→ **Provided data**:
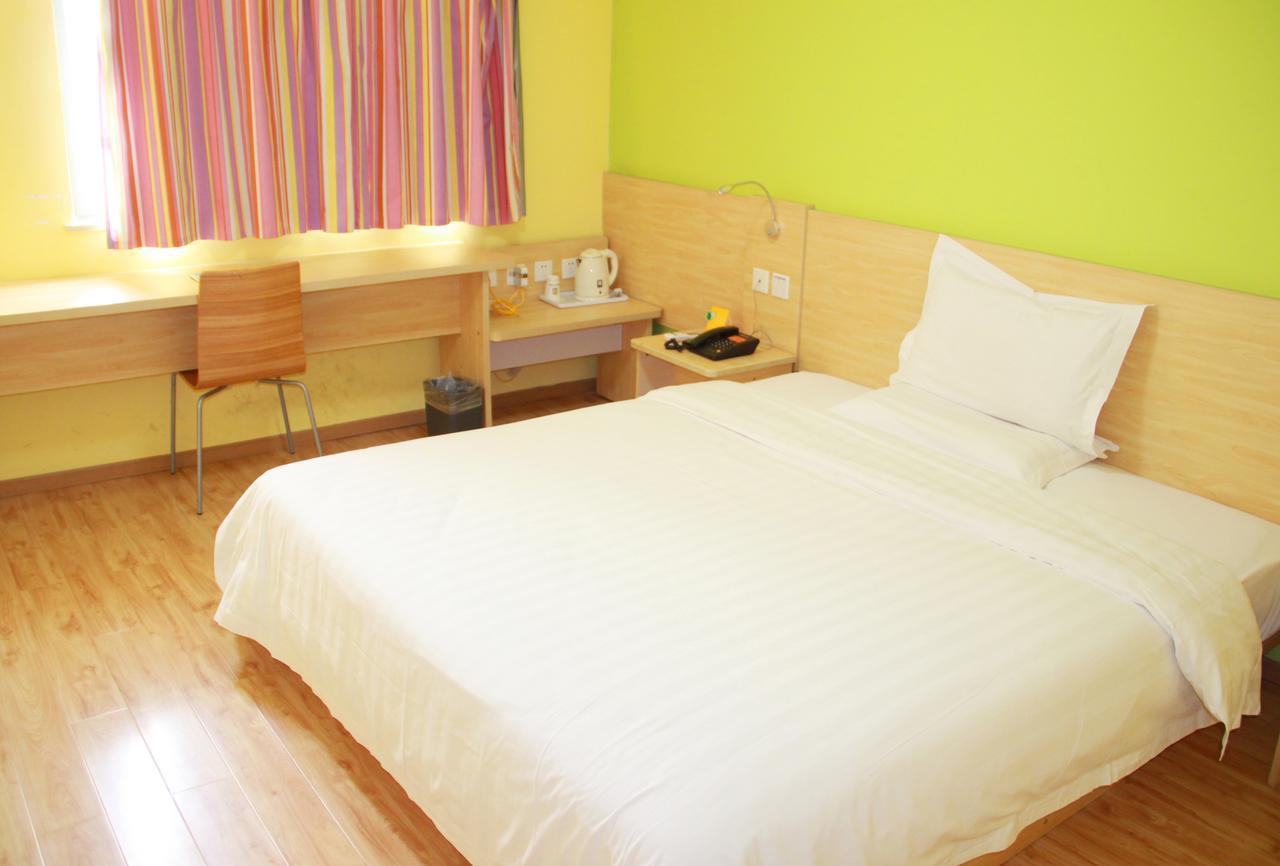 7Days Inn Deyang Zhongjiang Kuishan Park Exterior foto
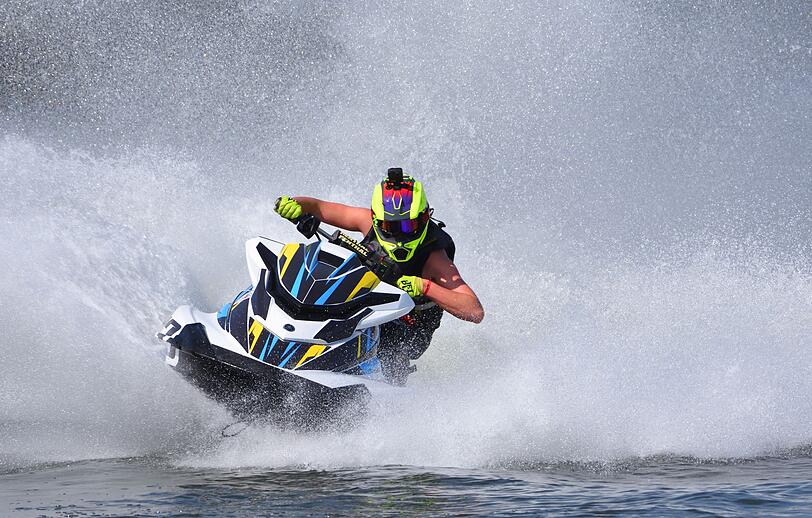 Auf dem Jetski sind hohes technisches Können, aber auch Mut und Risikobereitschaft gefragt. Auf dem Jetski sind hohes technisches Können, aber auch Mut und Risikobereitschaft gefragt.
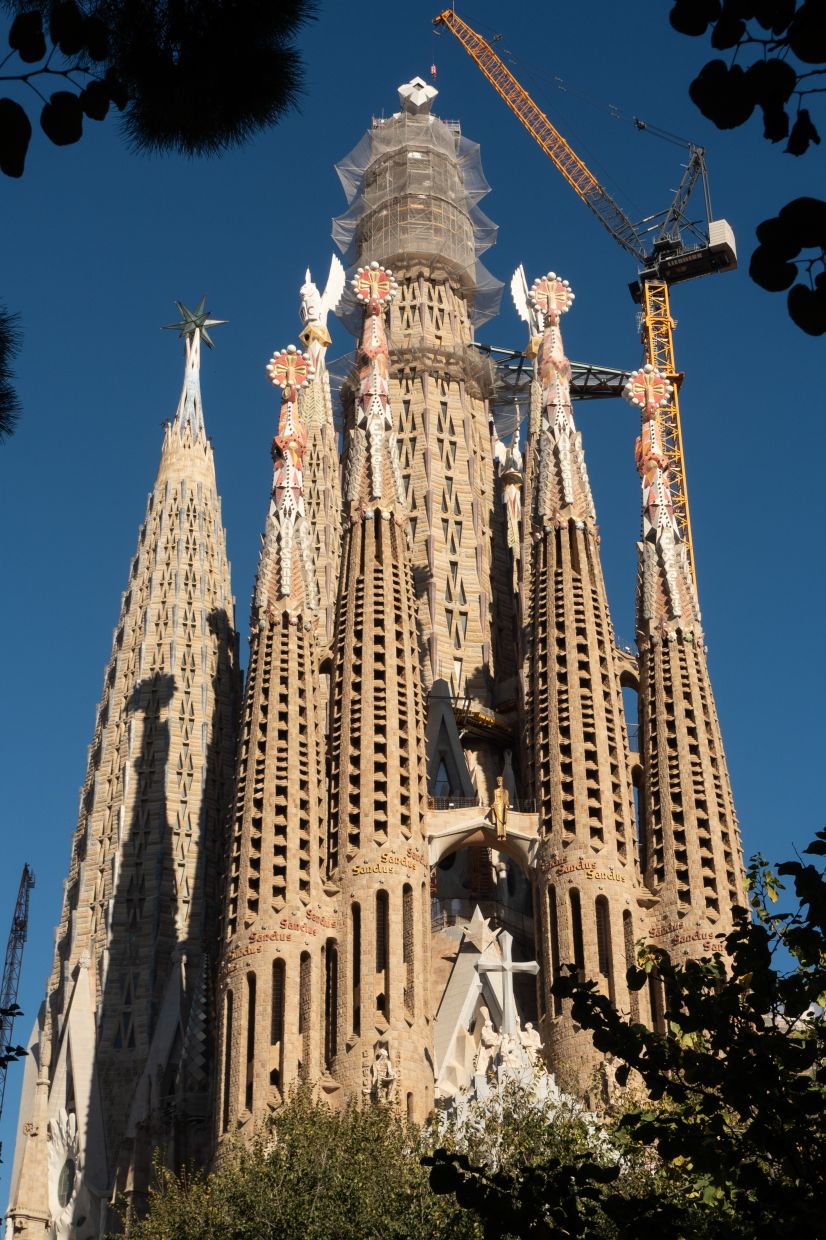 This is what work on the world's tallest church tower currently looks like at the Sagrada Familia. — Photo: Andreas Drouve/dpa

→ **Task goal**: What you output must be exactly the lines from the line with "Risikobereitschaft gefragt. Auf" through the last line of the listing, pictures excluded.

→ **Final answer**:
 Auf dem Jetski sind hohes technisches Können, aber auch Mut und Risikobereitschaft gefragt. Auf dem Jetski sind hohes technisches Können, aber auch Mut und Risikobereitschaft gefragt.
 This is what work on the world's tallest church tower currently looks like at the Sagrada Familia. — Photo: Andreas Drouve/dpa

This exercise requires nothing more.